Le même processus de destruction est utilisé dans la mise en scène de la “Cerisaie”, originellement dans la Cour des Papes à Avignon, actuellement transporté à Genève. Surtout pas de décor évoquant la subtile poésie d’une datcha russe mais un amas de chaises que les comédiens n’arrêtent pas de remuer, ce qui  a un sens subtil hors de notre portée. L’ajout invraisemblable d’un mini orchestre rock qui transformera et exaltera le texte de Tchékhov, auquel ni le metteur en scène, ni les comédiens n’ont rien compris, qu’ils détestent en conséquence et qu’ils s’efforcent de ridiculiser en rendant l’intrigue indéchiffrable.

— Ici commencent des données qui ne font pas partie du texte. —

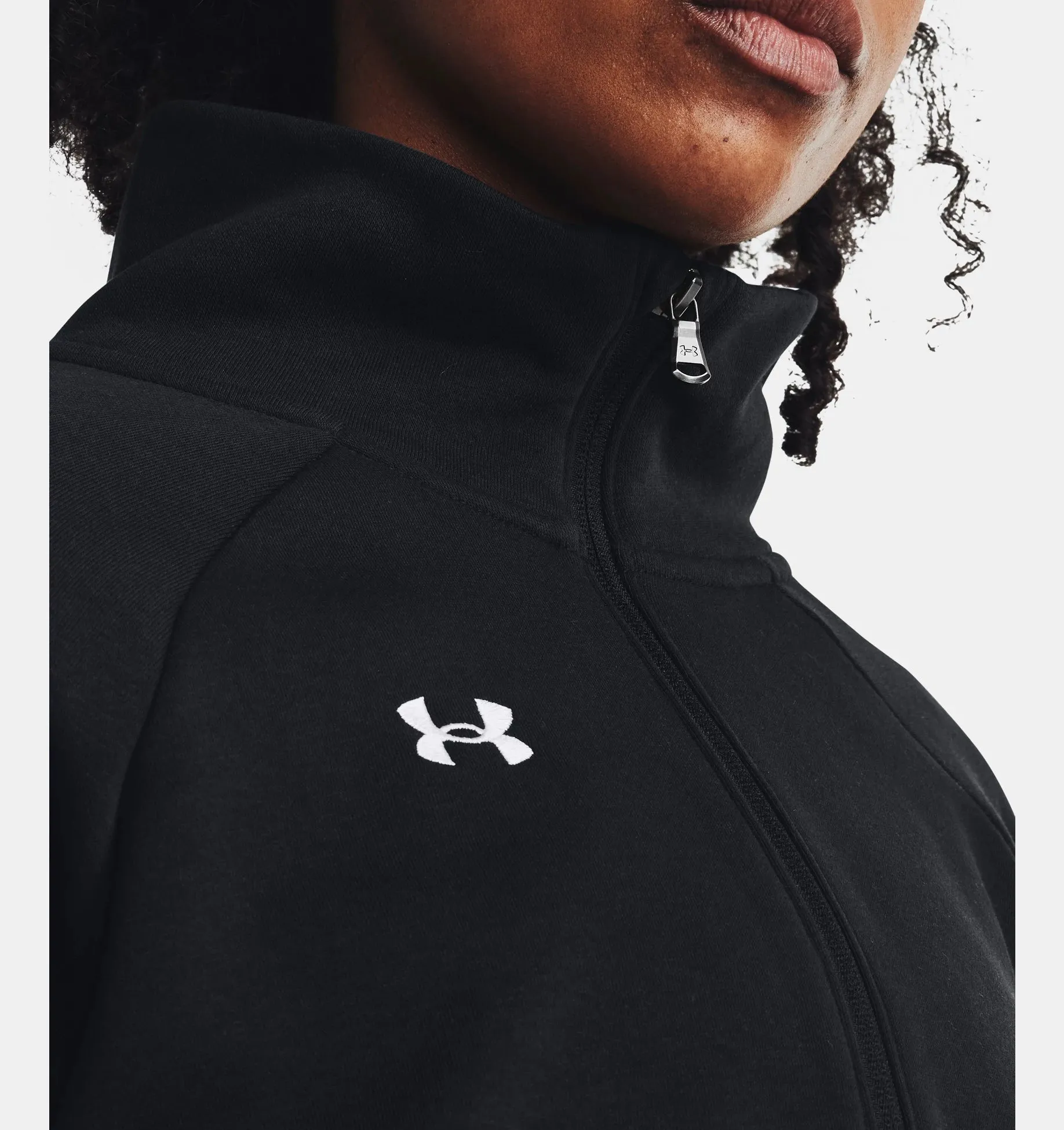 Women's UA Rival Fleece 1/2 Zip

Dans les circonstances que nous vivons, il nous faudrait une lumière pour éclairer les ténèbres qui se répandent. Après avoir perdu la religion catholique, déconsidérée dans un scandale inimaginable, nous perdons la culture qui s’autodétruit elle-aussi. Peut-être que le rapport de causalité est inverse : faute de transcendance nous ne parvenons plus à nous gouverner et à établir des rapports raisonnables entre des peuples qui vont finir par se battre. Le vendredi 11 mars au soir nous sommes rentrés le cœur lourd dans nos pénates pour prendre les dernières nouvelles du massacre des Ukrainiens. On est cerné par la bêtise de ceux qui devraient être sages pour gouverner et lettrés pour diffuser la culture. Les médiocres ont pris le pouvoir.